Prime Minister Benjamin Netanyahu last month spoke of a "Goldstone effect" — action by international courts that might crimp Israel's military superiority — and ranked it alongside Iran's nuclear programme and the rocket arsenals of Palestinian and Lebanese freedom fighters among three main threats facing Israel.
Questions raised
"People are questioning whether we should exist," Eyal Arad, a marketing guru and former government adviser, told the annual Herzliya Conference. "We're ... becoming the South Africa of the 21st century. What we need is a global political campaign."
Serving officials assured audiences in seminars entitled "Winning the Battle of the Narrative" that work was in hand to win hearts and minds abroad. Indeed, one revealed the previous government briefed PR advisers on a Gaza war three months before the December 2008 attack that left 1,400 Palestinians dead.
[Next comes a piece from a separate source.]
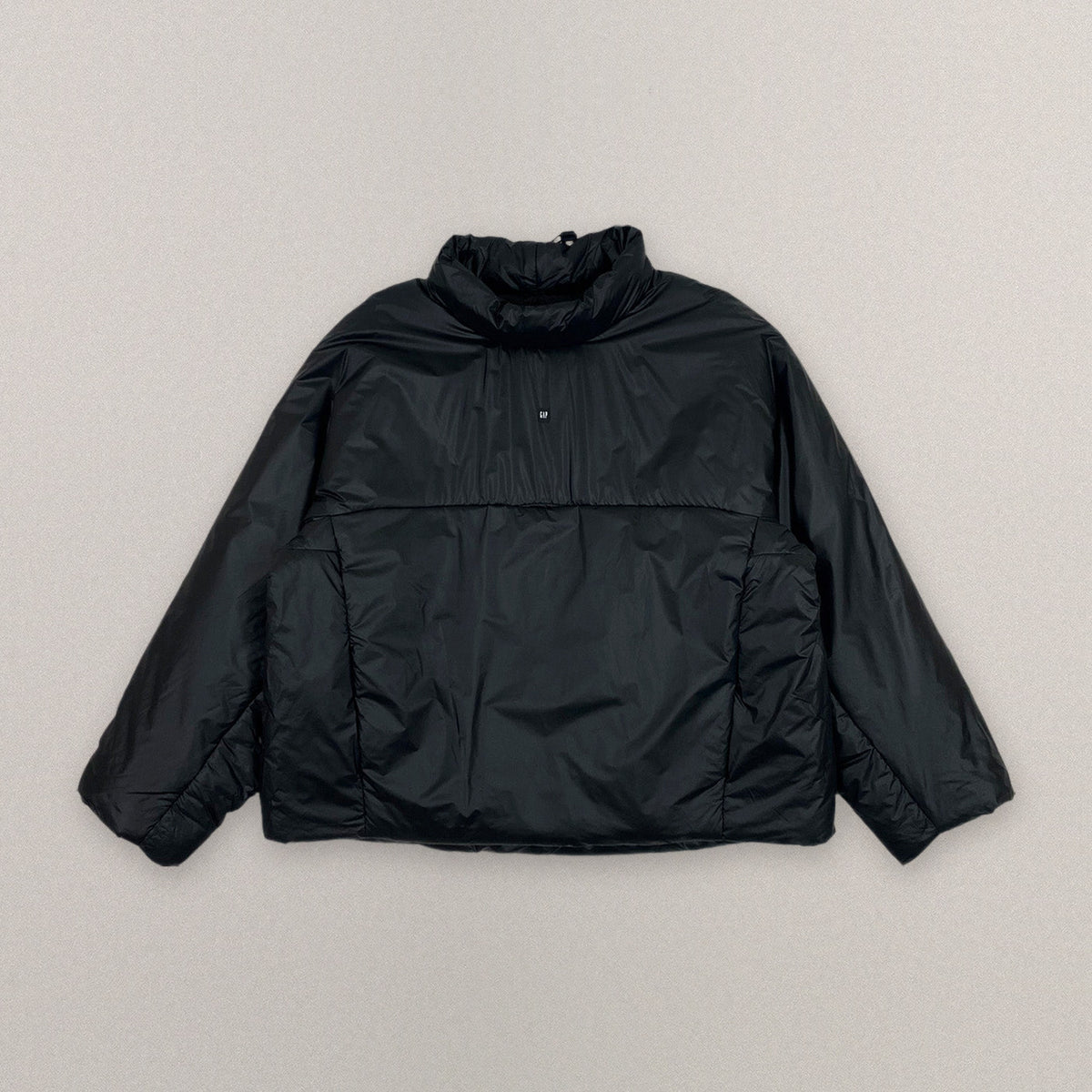 Yeezy Gap Engineered by Balenciaga Mock Neck Pullover 'Black'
Israel refused to cooperate with judge Richard Goldstone, the UN investigator who faced accusations of anti-Semitism from fellow Jews for saying Israeli troops may have committed war crimes. But under threat of referral to an international court, it has published measures it took against some soldiers
Proposals aired at Herzliya for improving Israel's image abroad ranged from increasing spending sharply on its embassies through grass-roots diplomacy in the form of citizens engaged in internet social networking to full-scale "rebranding".
Former diplomat and advertising man David Admon, writing in the leftish Haaretz newspaper, demanded a "Ministry of Hasbara" to coordinate Israel's message — hasbara, Hebrew for explaining — has long been a common term for Israeli public diplomacy.
Britain, Israeli advocates say, plays a special role as home to major international media, a large Muslim minority and many foreign students. The British government, Prosor said, had shown growing signs it was taking heed of anti-Israel public opinion.
A legal move to have Tzipi Livni, foreign minister during the Gaza war, arrested on a visit to London last year soured relations. Prosor said he was concerned Britain would set an example for anti-Israel campaigns on foreign campuses.